--- Goal of the exercise ---
A word-for-word copy of the data, with no images, is the required answer.

--- Recorded data ---
------------

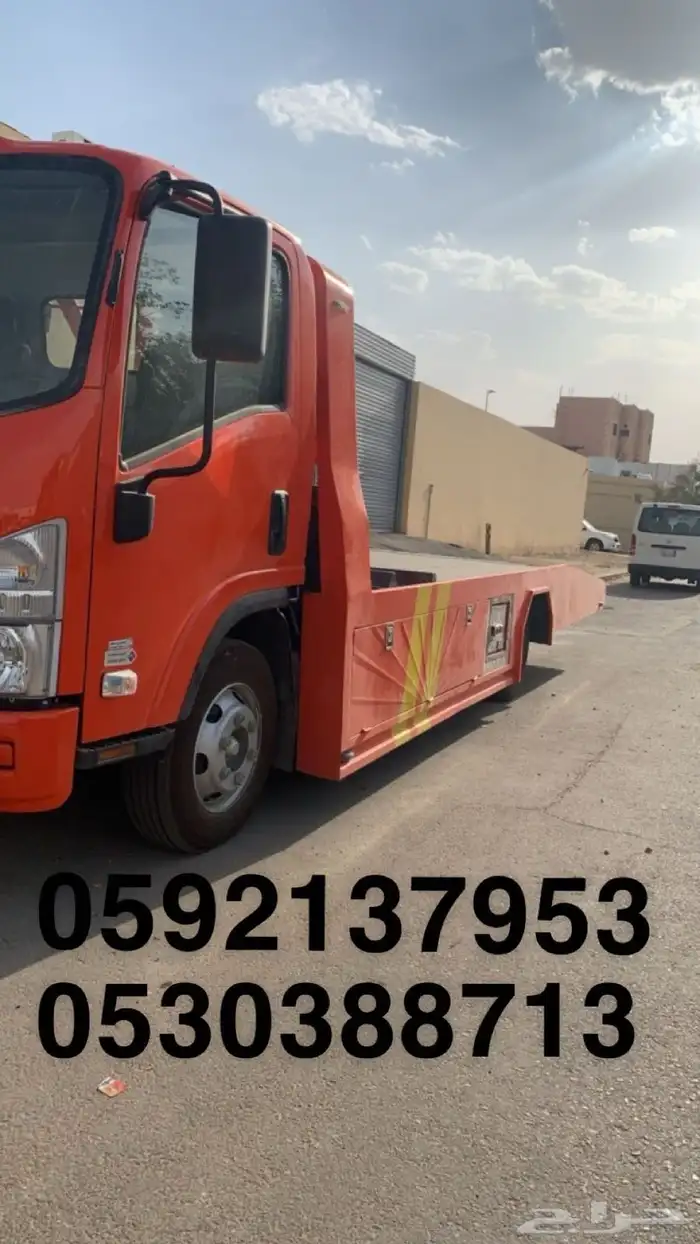 سطحه عنيزه بريده 0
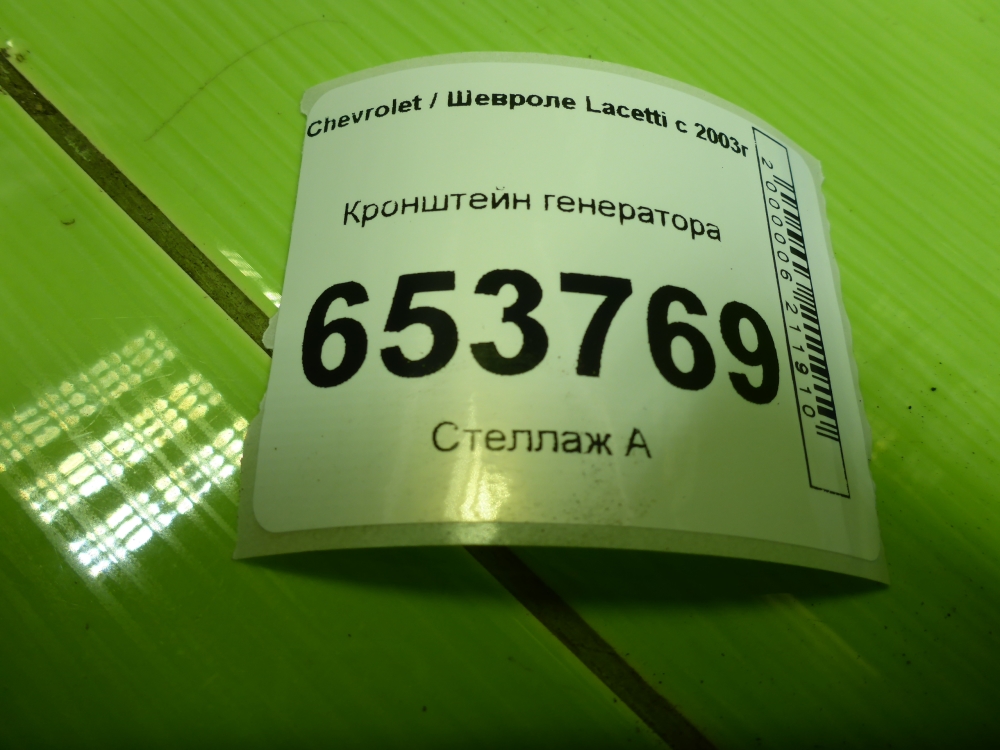 Кронштейн генератора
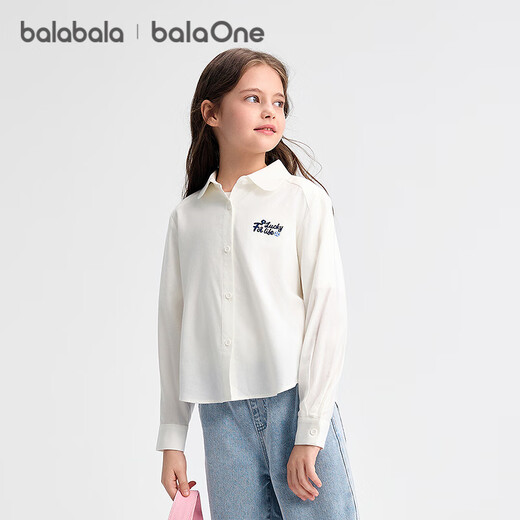 Balabala children's clothing girls long-sleeved shirts 2025 autumn tops sweet brushed jacket versatile 208325102006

------------

--- Response to the exercise ---
 سطحه عنيزه بريده 0
 Кронштейн генератора
 Balabala children's clothing girls long-sleeved shirts 2025 autumn tops sweet brushed jacket versatile 208325102006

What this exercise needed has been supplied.